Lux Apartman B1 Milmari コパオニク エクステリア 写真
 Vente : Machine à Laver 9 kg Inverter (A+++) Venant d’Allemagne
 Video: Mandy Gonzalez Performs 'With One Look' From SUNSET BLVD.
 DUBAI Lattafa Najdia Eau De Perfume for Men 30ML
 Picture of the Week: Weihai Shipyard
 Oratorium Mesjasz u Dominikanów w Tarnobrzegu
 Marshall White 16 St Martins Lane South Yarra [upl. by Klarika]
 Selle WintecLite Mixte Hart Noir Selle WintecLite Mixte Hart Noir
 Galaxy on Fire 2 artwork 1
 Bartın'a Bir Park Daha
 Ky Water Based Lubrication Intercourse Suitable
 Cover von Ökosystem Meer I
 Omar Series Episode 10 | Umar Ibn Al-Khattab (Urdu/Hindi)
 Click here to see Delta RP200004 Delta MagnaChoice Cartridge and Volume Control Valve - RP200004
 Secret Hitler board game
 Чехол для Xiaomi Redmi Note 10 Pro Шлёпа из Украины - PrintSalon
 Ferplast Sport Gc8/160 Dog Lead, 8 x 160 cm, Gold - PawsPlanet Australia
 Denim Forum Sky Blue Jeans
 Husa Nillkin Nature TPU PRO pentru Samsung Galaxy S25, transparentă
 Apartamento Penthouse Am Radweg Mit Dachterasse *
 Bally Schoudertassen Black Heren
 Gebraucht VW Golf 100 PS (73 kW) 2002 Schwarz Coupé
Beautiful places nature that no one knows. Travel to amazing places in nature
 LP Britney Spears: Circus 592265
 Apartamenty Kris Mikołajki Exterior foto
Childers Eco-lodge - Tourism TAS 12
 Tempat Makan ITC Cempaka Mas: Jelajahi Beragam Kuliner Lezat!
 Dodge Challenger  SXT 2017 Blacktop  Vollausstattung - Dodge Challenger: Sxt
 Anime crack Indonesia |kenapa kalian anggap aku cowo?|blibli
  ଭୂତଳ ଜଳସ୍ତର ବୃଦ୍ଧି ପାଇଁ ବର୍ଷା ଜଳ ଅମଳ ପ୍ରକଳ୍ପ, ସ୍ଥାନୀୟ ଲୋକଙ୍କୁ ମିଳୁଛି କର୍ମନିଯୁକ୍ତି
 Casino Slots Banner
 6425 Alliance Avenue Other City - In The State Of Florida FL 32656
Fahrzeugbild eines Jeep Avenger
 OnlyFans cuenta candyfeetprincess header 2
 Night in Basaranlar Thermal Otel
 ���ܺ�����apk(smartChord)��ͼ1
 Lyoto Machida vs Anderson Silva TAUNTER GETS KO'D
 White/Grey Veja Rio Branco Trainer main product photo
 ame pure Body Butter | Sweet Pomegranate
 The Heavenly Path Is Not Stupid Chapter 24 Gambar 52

━━━━━━━━━━━━━━━━━━━━

Your task:
Working from the listing above, pick out every line that has "White" and copy it.

Written response:
 Marshall White 16 St Martins Lane South Yarra [upl. by Klarika]
 White/Grey Veja Rio Branco Trainer main product photo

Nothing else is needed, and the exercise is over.